L’histoire vraie d’Eric Brun-Sanglard, esthète post-moderne

3 mars 2012

Temps de lecture : 3 minutes

Peut-être parce que je rentre de deux mois au Maroc puis en Algérie, mais il y a des choses en France qui me semblent difficiles à entendre. Par exemple, dans le Mag 2 Lyon de mars, cette interview du designer-star Eric Brun-Sanglard :

Mag 2 Lyon : La déco, c’est tendance ?

Eric Brun-Sanglard  : Oui. Aujourd’hui, les gens ont besoin de se sentir bien chez eux, notamment à cause de la crise économique qu’on traverse et des soucis que ça entraîne.
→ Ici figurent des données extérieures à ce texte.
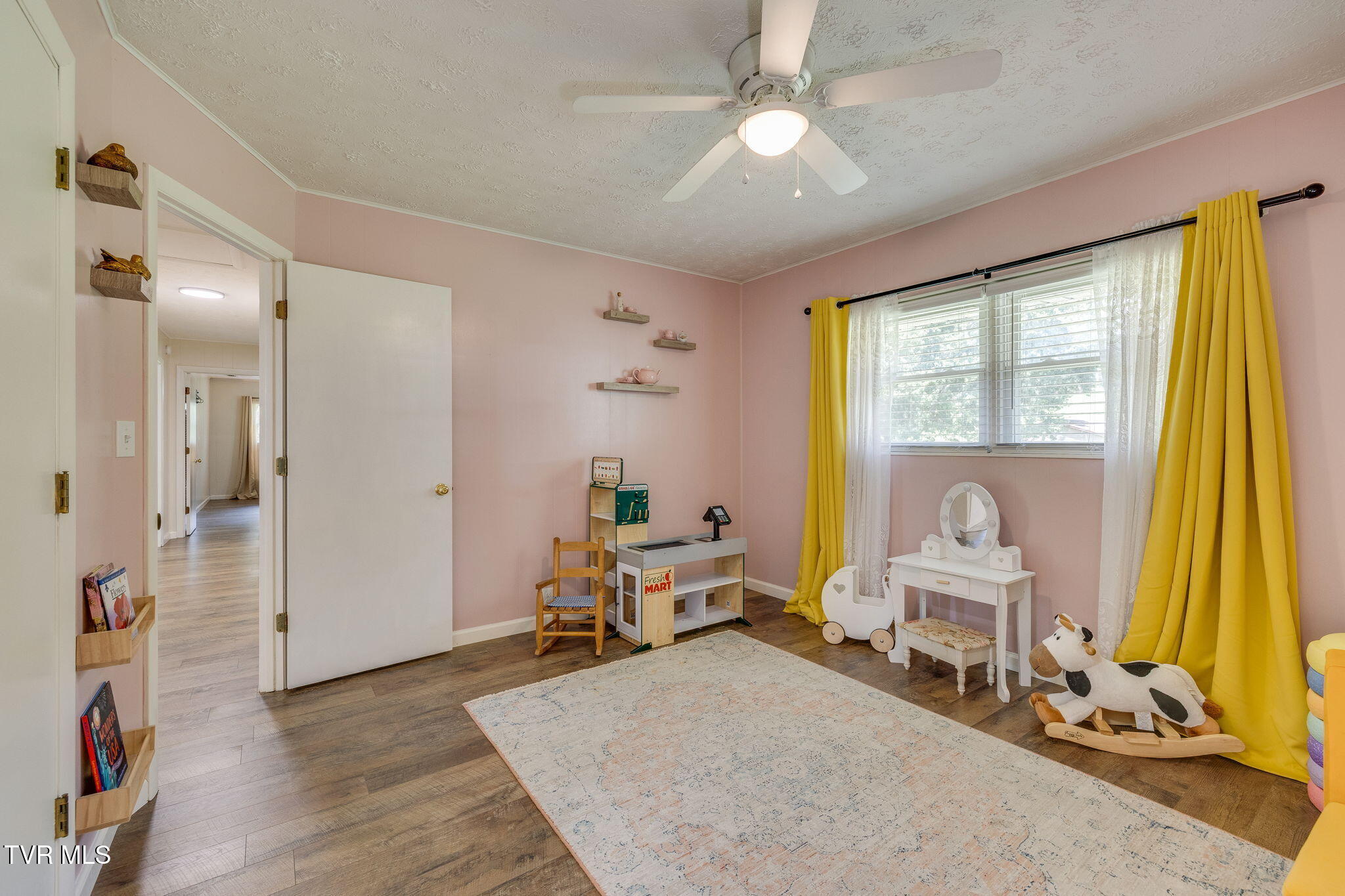 576 Buckingham Road Gray, TN 37615 - Photo 23 of 49 022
Résultat, on a besoin de recréer un intérieur où on se sent à l’aise, avec des plaids, des matières tricotées…

Eric Brun-Sanglard, un aveugle qui sait dire ce qui est beau autour de lui

Ce genre de vision négationniste de l’Histoire (le même jour dans Le Monde, le dossier Crise du logement, comment s’en sortir, fait état de 3,7 millions de mal-logés, de 685000 sans domicile personnel, etc.) par des esthètes qui n’ont aucun complexe à justifier la nécessité de leur activité de luxe par la crise économique n’est malheureusement pas sanctionnée par des peines de prison qui permettraient d’améliorer les intérieurs de cellule façon feng-shui, dans le dépouillement nécessaire à la méditation des saloperies dites puis publiées en magazine.
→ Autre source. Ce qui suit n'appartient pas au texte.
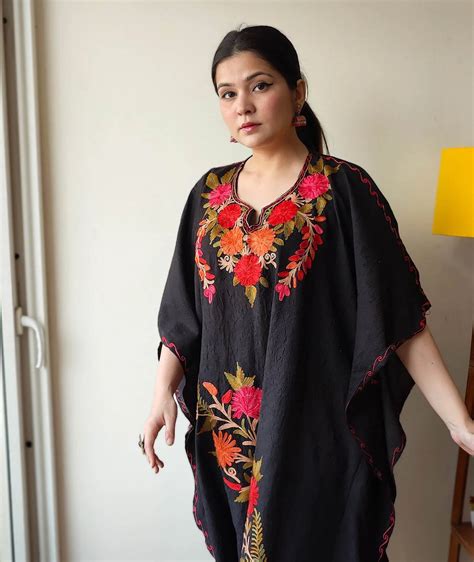 Posh thaer Design Aari Embroidered Black Cotton Short Kaftan – Kashmir ...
Mais, à sa décharge, le pauvre Eric est un handicapé. Eric Brun-Sanglard a cette particularité, parmi tous ces génies de la composition du confort privé des riches, qu’il est totalement aveugle, et pas au sens figuré :

A trente ans j’ai attrapé un virus à l’œil et en un an et demi, je suis devenu aveugle. Mais j’ai malgré tout décidé de me lancer dans la rénovation de la maison. Et je me suis découvert un véritable talent (…) j’ai besoin de toucher les matériaux, de sentir l’espace (…) (je vous saute quelques âneries de base du genre les énergies de la pièce, etc.) Il y a environ dix ans, le Los Angeles Times m’a consacré un super portrait. Du coup, j’ai gagné en notoriété et j’ai refait les maisons de stars et de millionnaires : Madonna, Cher, Brad Pitt, Jenifer Aniston… En 2005, j’ai même eu un reality show à mon nom qui est passé une saison à la télé…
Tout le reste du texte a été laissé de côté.